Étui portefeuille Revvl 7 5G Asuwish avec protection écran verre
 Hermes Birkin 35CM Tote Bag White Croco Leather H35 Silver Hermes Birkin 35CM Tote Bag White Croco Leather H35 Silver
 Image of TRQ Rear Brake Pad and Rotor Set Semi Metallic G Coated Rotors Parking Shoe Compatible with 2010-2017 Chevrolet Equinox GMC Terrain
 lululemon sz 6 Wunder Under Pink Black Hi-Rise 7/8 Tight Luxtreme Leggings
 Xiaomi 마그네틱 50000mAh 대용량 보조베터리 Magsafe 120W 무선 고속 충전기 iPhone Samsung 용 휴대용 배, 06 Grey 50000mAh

## EXERCISE DESCRIPTION
Above are some lines. Repeat exactly, and only, those from the line that has "H35 Silver Hermes" through the line that has "lululemon sz 6".

## EXPECTED ANSWER
 Hermes Birkin 35CM Tote Bag White Croco Leather H35 Silver Hermes Birkin 35CM Tote Bag White Croco Leather H35 Silver
 Image of TRQ Rear Brake Pad and Rotor Set Semi Metallic G Coated Rotors Parking Shoe Compatible with 2010-2017 Chevrolet Equinox GMC Terrain
 lululemon sz 6 Wunder Under Pink Black Hi-Rise 7/8 Tight Luxtreme Leggings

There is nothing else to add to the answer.